Once our children are adults living their own lives, we can’t continue imposing restrictions on them. Well, we shouldn’t, in my opinion, unless they are still living under our roof. That’s a different story. “My house, my rules” might apply then.
It’s just important to remember that some adult children may want to distance themselves from the previous family structure, while others might want to maintain close family ties, still with mutual love and support. Both choices are valid. And when their choice is respected, the bond can be maintained and even grow stronger.
But as you know, even in healthy families, disagreements and occasional arguments can happen. The real challenge comes when family members, particularly parents, can’t adjust to seeing their adult children as independent adults.
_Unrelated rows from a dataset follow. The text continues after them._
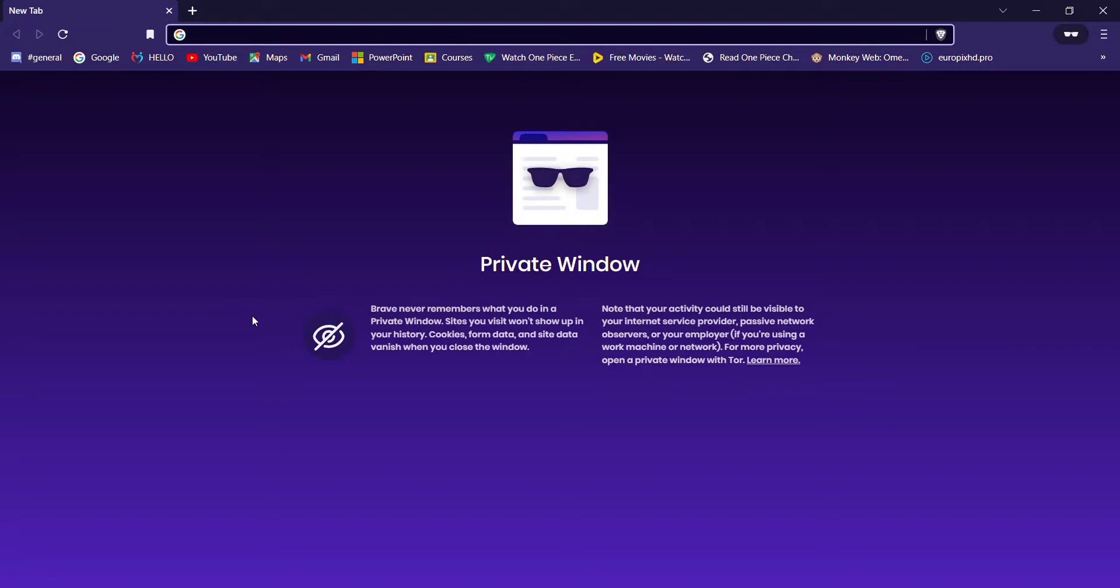First of all, make sure that you're connected to the internet. Once you make sure that you're connected to the internet, open up a web browser.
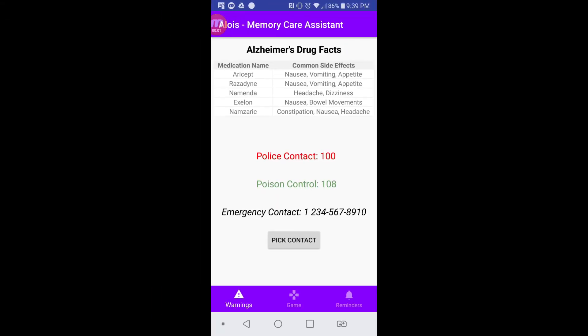This is our app, AllsBuddy, developed with Android Studio using the Java programming language, as well as XML for formatting.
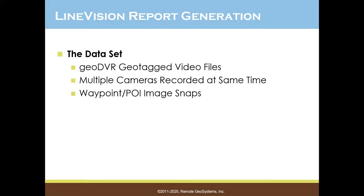In this how-to video, we're going to show you how to use Remote Geosystems LineVision Desktop Ultimate Edition to rapidly generate a report from geo-referenced video files.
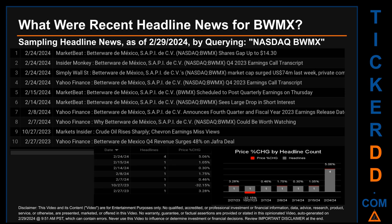That day saw a price change of 5.06%, after the ticker opened trading at $16.00 and then closed at $16.81. The latest publication date of Saturday, February 24th, 2024 was actually the day with the highest percentage change in price, seeing a price jump of 5.06%.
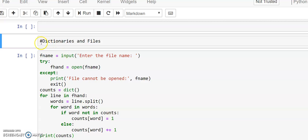Dear students, in the last videos we discussed about dictionaries — what is a dictionary, what are the different methods that work on a dictionary. Now we will see what is the role of a dictionary on files. We also know what is a file, how to create a file and how to work with a file.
If this sounds uncomfortably familiar, keep reading.
“You’ll Always Be My Baby”
When a parent continues to treat you like a child, it can certainly be endearing… when it’s not dysfunctional.
My mom still sees me as her “wonderful son.” When we’re together, there’s genuine love and enjoyment in each other’s company. We maintain a good mother-son bond. But here’s what makes it work: she fully recognizes and respects me as a capable, independent adult. Our conversations flow naturally, with mutual respect and active listening. Neither of us talks down to or insults the other. We don’t cause offense or put each other down.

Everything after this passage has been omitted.